MARS ET VENUS (Londres National Gallery) - Interprétation symbolique comme les aimait les Florentins. L'abandon du personnage de Mars traduirait l'influence apaisante de Vénus, symbole de l'humanité. L'oeuvre peut être daté de 1483 environ.

Botticelli est de l'entourage immédiat de Laurent le Magnifique. Il semble qu'on soupçonne parfois ce milieu d'humanistes, d'artistes et d'intellectuels - d'argent aussi - d'athéisme ou, à tout le moins, de peu de foi. Ils croient sans doute en un autre monde mais c'est le monde platonicien des idées et pour eux la beauté est sans doute une des formes de la vérité. La beauté et l'amour.
Comme pour Dante dont Botticelli passera quinze années à illustrer la Divine Comédie - quel titre, au fond, quand on y pense : comédie. Dante, presque deux cents ans plus tôt, Toscan lui aussi, exilé de Florence pour raisons politiques et menacé du bûcher.
Il traversera, d'abord accompagné du poète romain Virgile, les enfers, puis le purgatoire et le paradis pour retrouver Béatrice, la femme aimée et perdue, donnant au mythe d'Orphée une nouvelle dimension et se payant au passage sa galerie de portraits. Si l'on croise au cours du voyage les personnages et héros de tous les temps, il se cuisine, dans le chaudron de son enfer, ceux de ses contemporains qu'il exècre, avec un réel bonheur. Passer des papes ou des dignitaires, des avaricieux et des coquins patentés à la broche, ce n'est pas donné tous les jours.
C'est une comédie humaine, satirique, morale, politique et la rédemption n'est pas tant dans les mains de Dieu que dans les derniers mots de l'un des plus grands poèmes de l'histoire, dans " l'Amour qui meut le soleil et les autres étoiles ", tandis que Béatrice siège dans sa gloire " et je vis qu'elle avait en auréole les rayons du soleil qu'elle réfléchissait ".

Au temps de Botticelli, la crucifixion elle-même n'est pas la plus présente dans les représentations religieuses. On lui préfère la Vierge, en Italie du moins. Et celles de Botticelli ont la même beauté, la même grâce aérienne que ses nymphes aux voiles légers et aux fleurs, dont les pieds touchent à peine le sol. Là où, dans le Nord, un Van Der Weyden vise, dans le retable du Jugement dernier et sans doute selon la commande, à inspirer la crainte de l'enfer avec toutes les ressources d'une dramaturgie puissante, on semble préférer ici le trésor d'amour d'une femme entourée d'anges et bien peu différente au fond de cette Vénus qui ne cache de sa paume " l'origine du monde " que pour mieux en indiquer le mystère. Vasari, le grand biographe des peintres et sculpteurs du siècle suivant y verra l'occasion de régler de manière risible son compte à Botticelli, hérétique et peintre de femmes nues.

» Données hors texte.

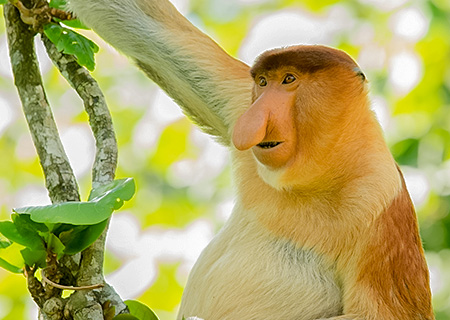 東南亞的杜拜、黃金帝國、長鼻猴生態、汶萊5天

Pourtant ce n'est pas un âge d'or quand bien même le monde botticellien semble l'évoquer au point que nous reconnaissons ses anges et ses nymphes comme s'il avait été en nous de toujours. C'est aussi un temps de violence.
En 1494, les Médicis sont chassés du pouvoir. Ils y reviendront mais en cette fin de siècle c'est Savonarole qui monte sur le devant de la scène florentine. Botticelli, les historiens ont tranché, ne fut pas de ses partisans. Pourtant, au fil des ans son style s'est épuré. Il n'a jamais fait du joli, de l'aimable mais du beau. Il tente progressivement d'aller plus encore à la vérité.
On s'étonne alors de la fermeté de son trait, de la présence de la forme, voire du dépouillement ascétique de deux portraits de femme, de profil, devant un cadre géométrique, sans aucun artifice ni élément de décor.

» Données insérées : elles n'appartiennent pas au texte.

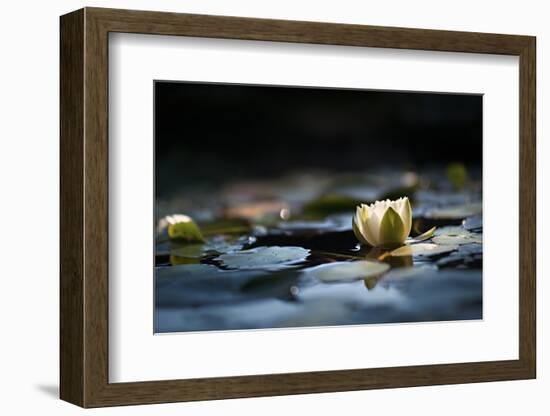 Reflection Pond-Ursula Abresch-Framed Photographic Print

Si Savonarole fut entendu c'est sans doute aussi que l'air du temps le voulait. Florence rassasiée peut-être de fêtes et du spectacle de la richesse et des arts, lassée peut-être de ses plaisirs ou de ceux de ses maîtres, voulut-elle la vertu ?
Toujours est-il que Botticelli, pendant que son étoile pâlissait avec le départ des Médicis, sembla dans les dernières années de sa vie se retirer sans bruit du monde qu'il avait créé et habité, nous en faisant le don unique par-delà la mort.


Maurice Ulrich, l'Humanité, du 17 octobre 2003.